◆ ACTIVITY ◆
Output the listing word for word, minus pictures.

◆ INFORMATION SUPPLIED ◆
▶
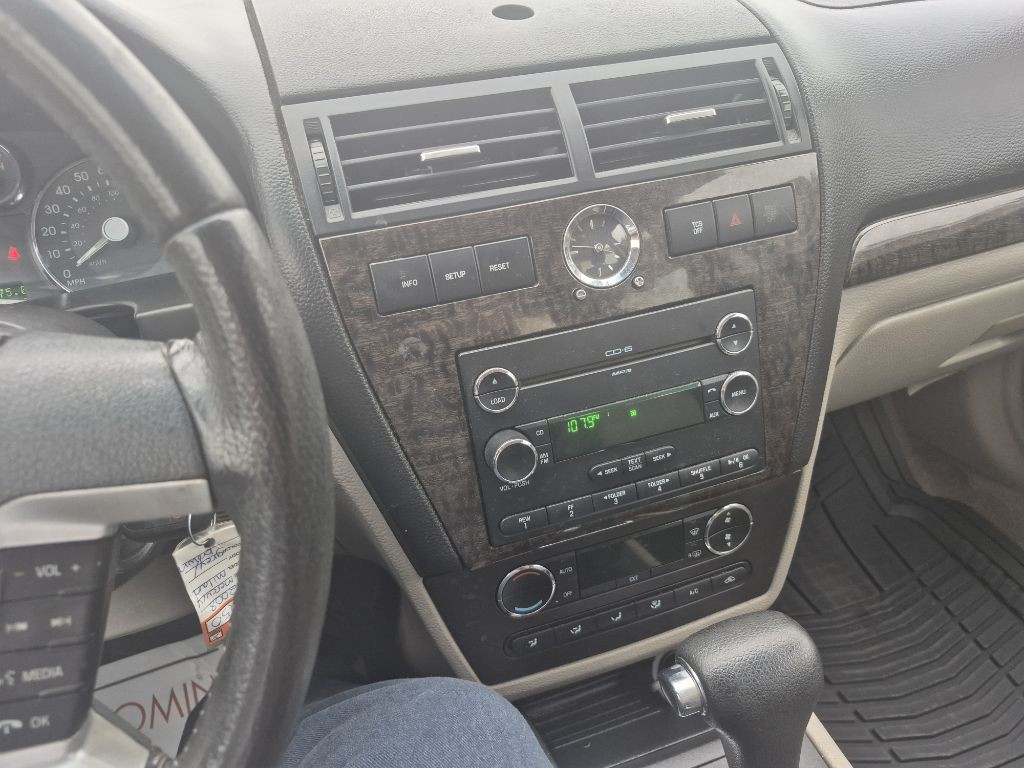 2008 Mercury Milan Image 17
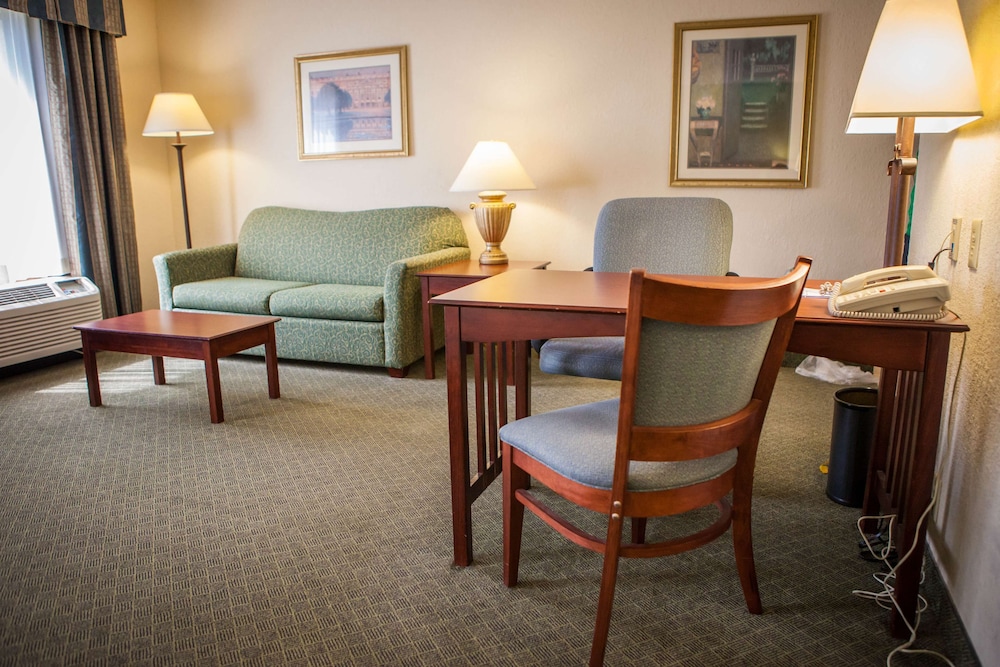 Hampton Inn And Suites Springfield Southwest 34/54
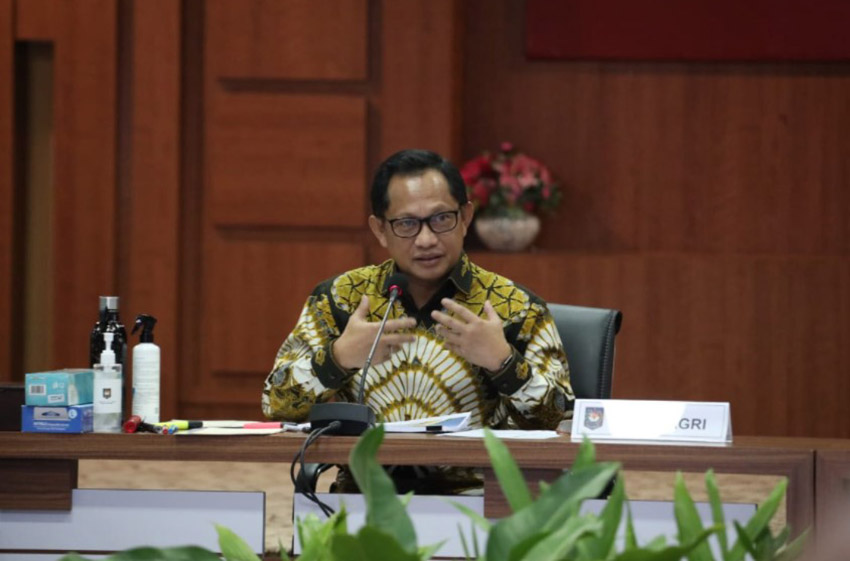  Mendagri Minta Pemda Aceh Penuhi Target Vaksinasi 70 Persen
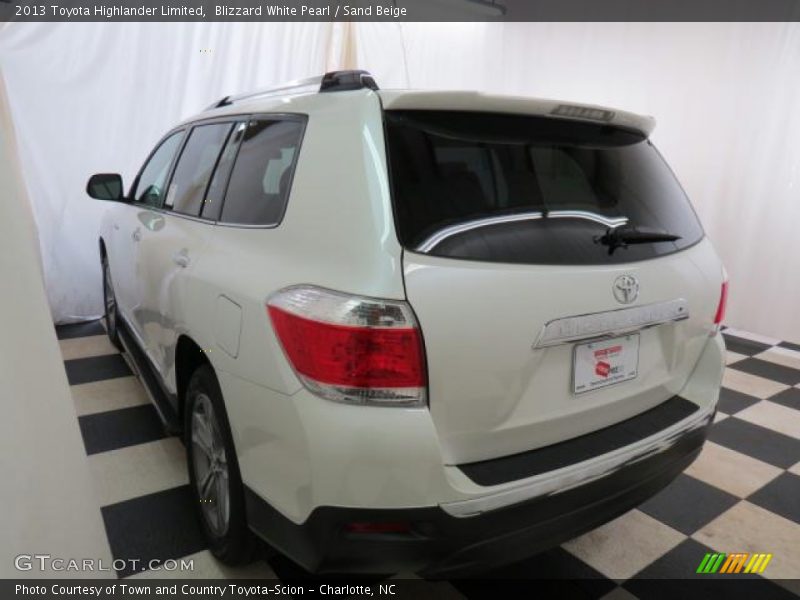 Blizzard White Pearl / Sand Beige 2013 Toyota Highlander Limited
◀
◆ OUTPUT OF THE EXERCISE ◆
 2008 Mercury Milan Image 17
 Hampton Inn And Suites Springfield Southwest 34/54
  Mendagri Minta Pemda Aceh Penuhi Target Vaksinasi 70 Persen
 Blizzard White Pearl / Sand Beige 2013 Toyota Highlander Limited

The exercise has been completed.